Radikale Dinge geschehen bei uns im Kleinen

Im letzten Jahr hat sich in den USA viel getan. Noch vor unserem Livestream zur BLM-Bewegung sprachen wir letztes Jahr im Rahmen einer Konferenz des Weltbundes der Demokratischen Jugend mit Maicol David von der Young Communist League über die Situation des Landes und die Einschätzungen der US-amerikanischen GenossInnen.

POSITION: Was kannst du über die Situation in deinem Land sagen? Welche Kämpfe werden geführt und welche Rolle spielt die YCL dabei?

Maicol: Wir haben drei wichtige Ansätze. Erstens: die Bildungsarbeit, zweitens: der Organisationsaufbau und drittens: die gezielte Arbeit und das bewusste Herantreten an Menschen, die sich zur Wahl registrieren lassen, manche von ihnen zum ersten Mal. Was bedeutet dieser letzte Punkt? Fast 50% aller grundsätzlich Wahlberechtigten in den USA waren zur letzten Wahl nicht als WählerInnen registriert, d.h. sie konnten nicht wählen. Hinzu kommt: diese Wahlregistratur muss alle acht Jahre erneuert werden, was gerade bei jungen Menschen und solchen über 60 Jahren oft nicht geschieht. Damit arbeiten wir, gehen mit den Wahlanmeldeformularen auf sie zu und fragen sie dabei, für welchen Kandidaten sie stimmen werden. Sehr oft sagen die Menschen, dass sie weder mit dem Kandidaten der Demokraten noch mit dem der Republikaner zufrieden sind und das ist der Moment, an dem wir anfangen, mit ihnen Alternativen zu diskutieren. Wegen der starken, antikommunistischen Vorbehalte hilft uns dieses Vorgehen, an die Menschen heranzukommen

Wie ist euer Verhältnis zur demokratischen Partei?

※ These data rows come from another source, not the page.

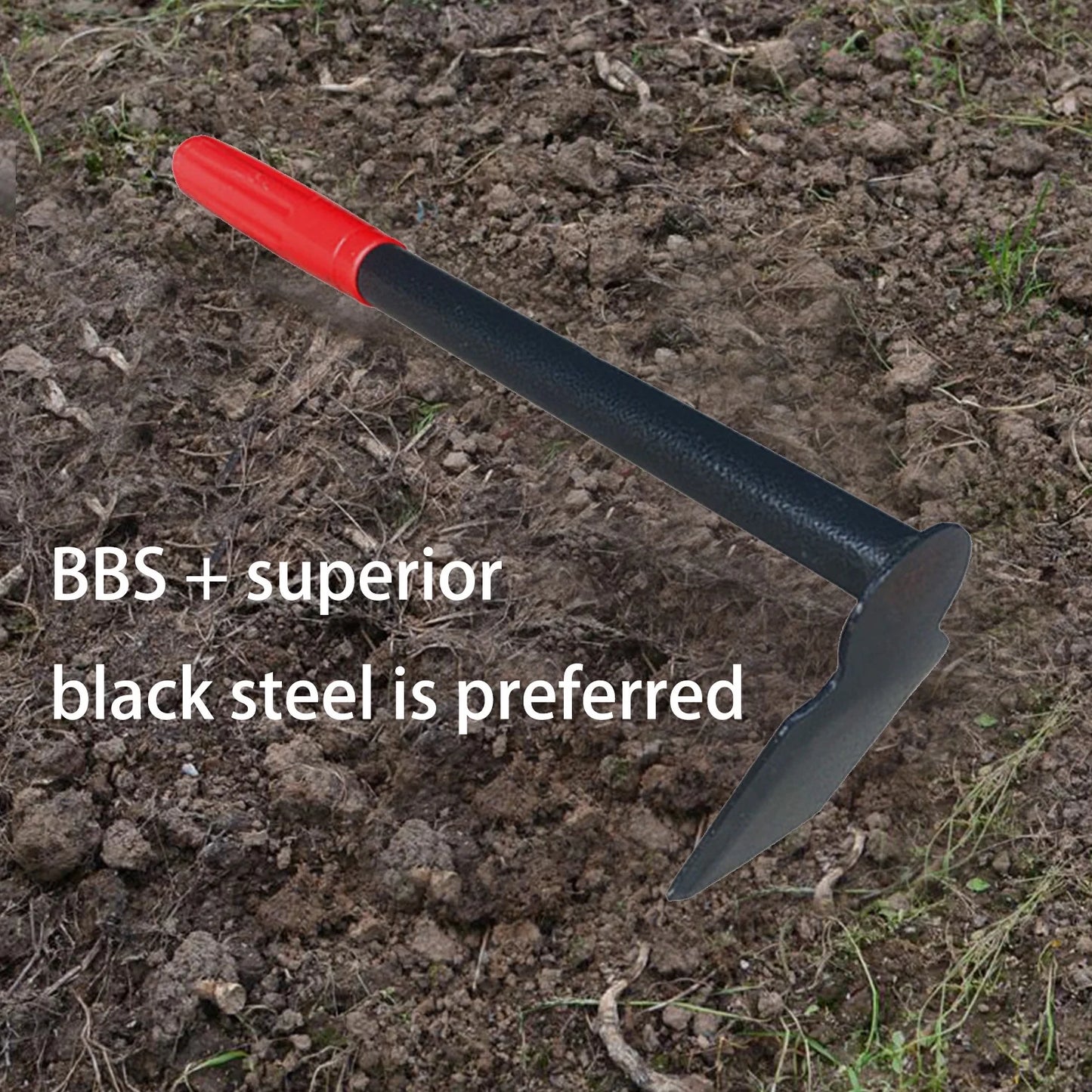 Hoe Tools Set Duty Gardening Tools Steel with Soft Rubberized Non-Slip Handle Durable Garden Hand Tools Garden Gifts for Men Women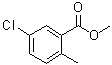 structure of CAS# 99585-13-4, 5-氯-2-甲基苯甲酸甲酯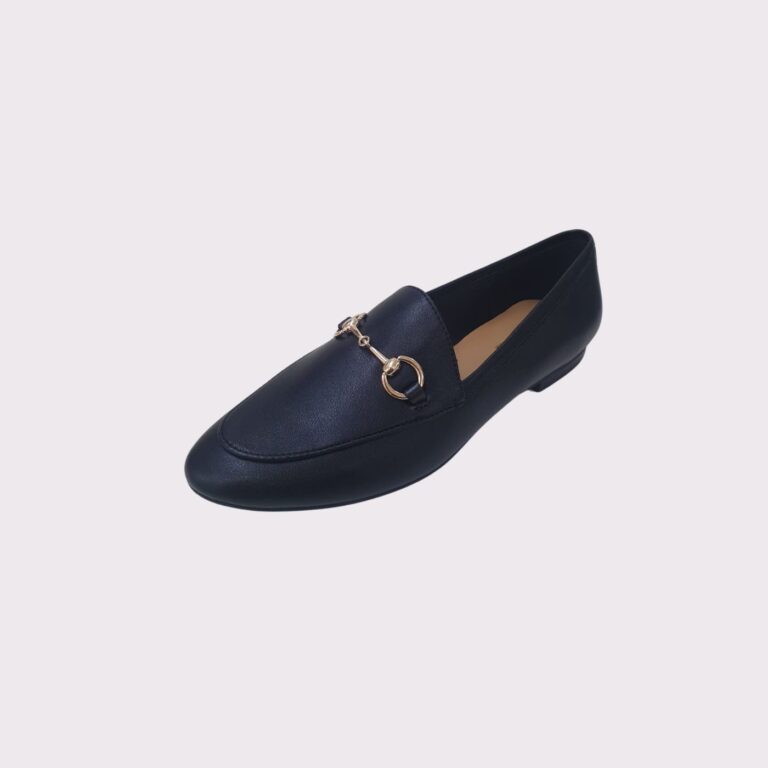מוקסין שפיץ אבזם שחור lady comfort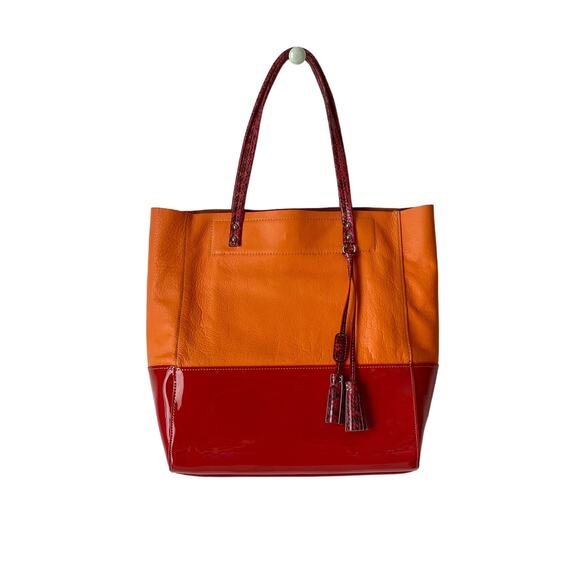 Rafé New York Orange And Red Leather Bag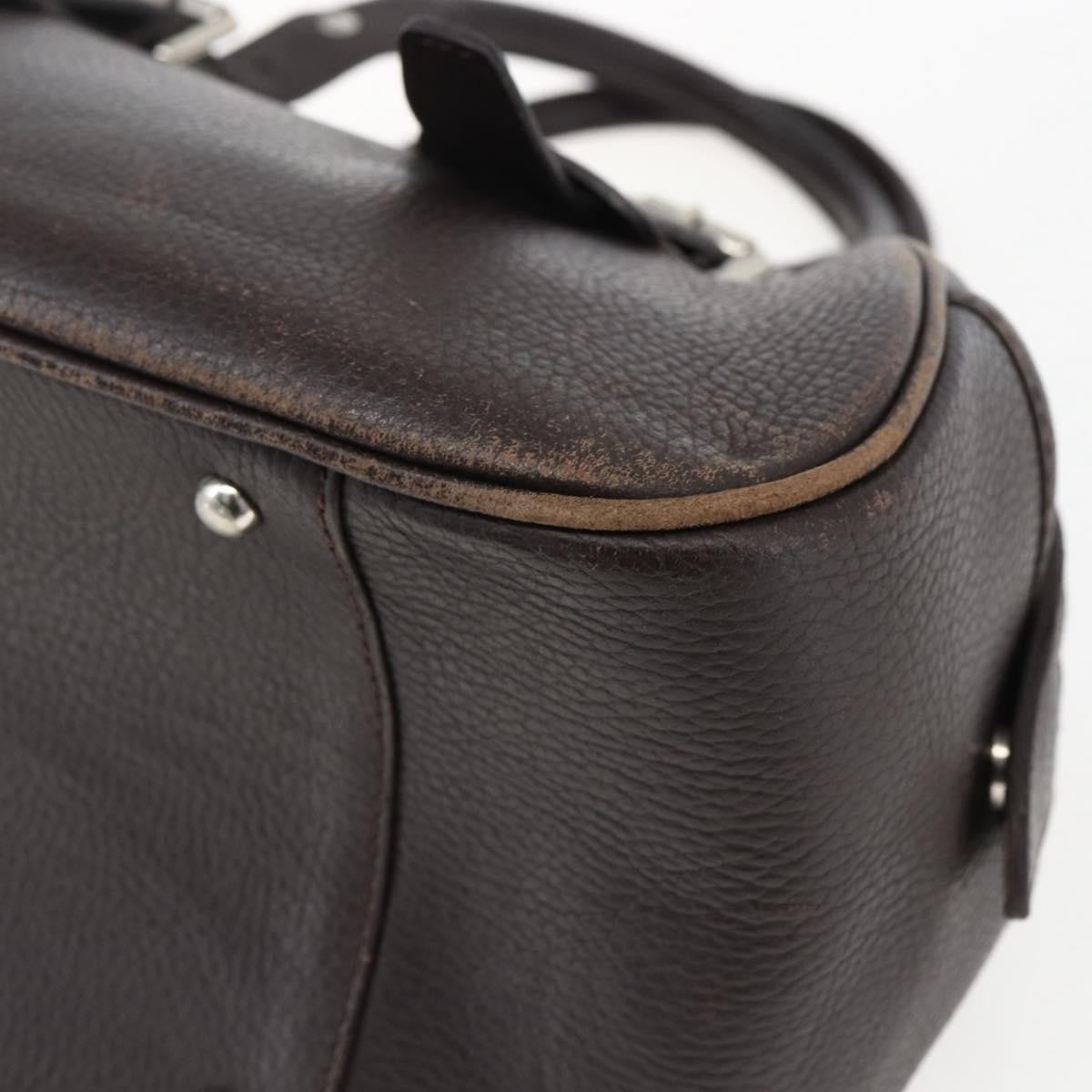 Burberry Vintage Handbag Leather Brown Leather Handbag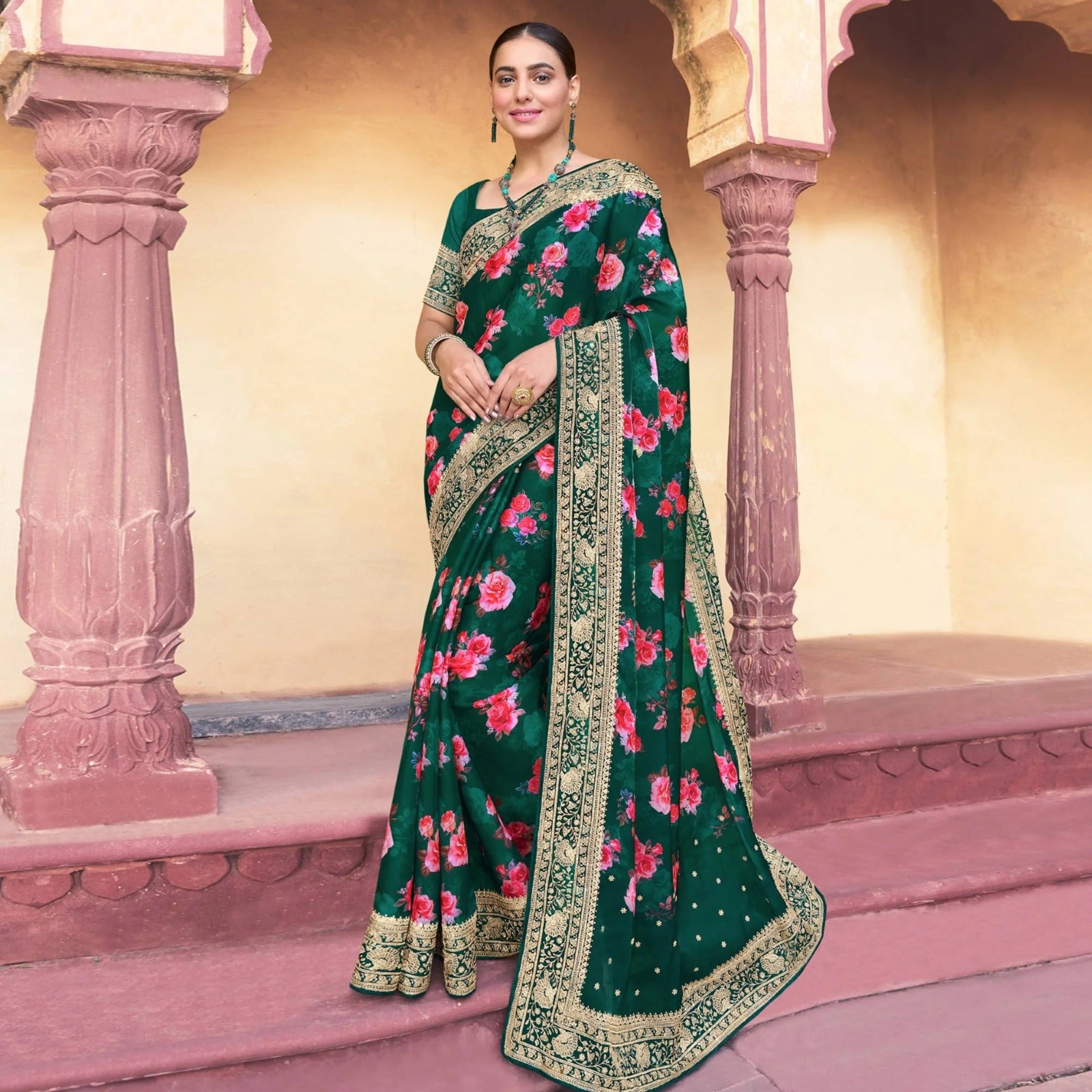 Alyssa Festive Wear Fancy Organza Saree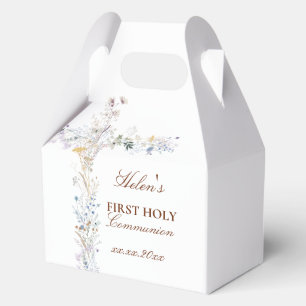 Erstkommunion-Blumenkreuz Geschenkschachtel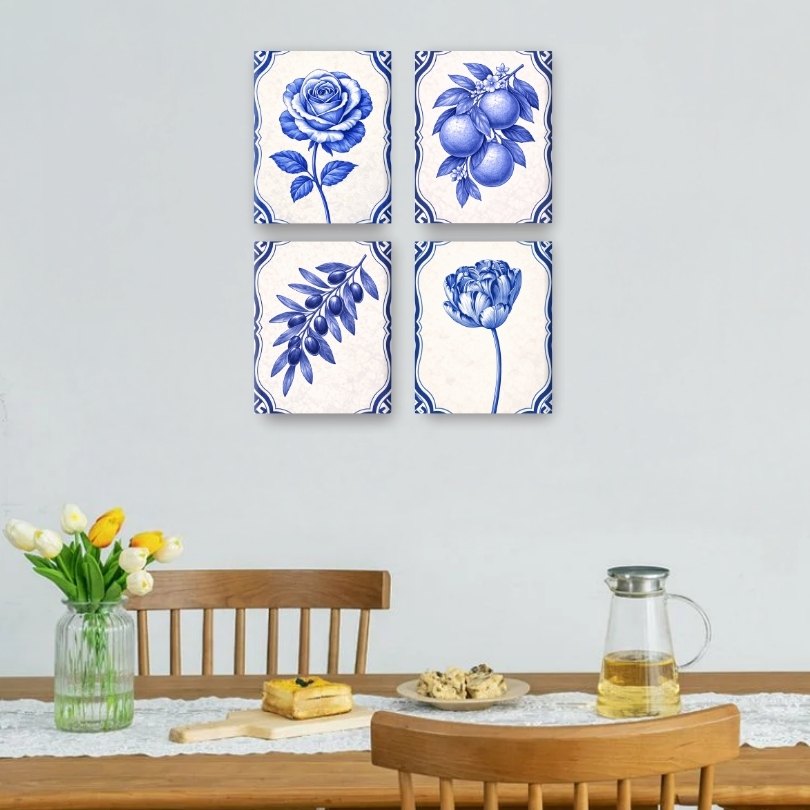 Blue Delft Garden Minis - Detail 2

Maicol: Die Demokraten als solche sind nicht einheitlich, es gibt vielmehr vier verschiedene Fraktionen, die von klassisch konservativ bis zu links reichen. Direkt unterstützen wir keine davon, aber wir sehen natürlich, wie sich unterschiedliche Personen in verschiedenen Fragen, etwa dem Bereich der Gesundheitsversorgung, positionieren. Auch ein Bernie Sanders stößt Drohungen gegenüber Cuba oder Venezuela aus, aber seine Forderungen zur Gesundheitsversorgung sind gut. Wir positionieren uns also zu den Inhalten, die wir unterstützen, nicht zu den Personen. Auf lokaler Ebene, etwa bei Wahlen zum Stadtrat oder bei Bürgermeisterwahlen, ist es einfacher, da gelingt es manchmal, die Dominanz der zwei großen Parteien zu brechen, wenn einzelne GenossInnen kandidieren. Allgemein kann man sagen: radikale Dinge geschehen bei uns im Kleinen, auf lokaler Ebene.

Du bezeichnest Trump als Faschisten. Schätzt ihr also ein, dass sich die USA zu einem faschistischen Staat entwickelt haben?

Maicol: Nein. Trump als Person ist ein Faschist, aber wir bezeichnen die USA nicht als faschistischen Staat. Wir sind nicht verboten, auch die linken Teile der Demokraten nicht, aber Trump als Person und Teile seiner Regierung, sein Schwiegersohn [gemeint ist Jared Kushner, Anm.d.Red.], der auf ganzer Linie Zionist ist [gemeint ist, dass Kushner beispielsweise eine Zwei-Staaten-Lösung de facto ablehnt und die israelischen Annexionen anerkennt, Anm.d.Red.], Teile der Regierung unter Trump, die ja manchmal wöchentlich wechselt, diese Leute sind Faschisten. Gleiches gilt für den Supreme Court, dem obersten Gerichtshof, dem zwei Vergewaltiger als Richter angehören. Es gibt Genossen in der KP, die Nixon, Reagan und Bush erlebt haben und sie sagen: so schlimm wie jetzt war es noch nie.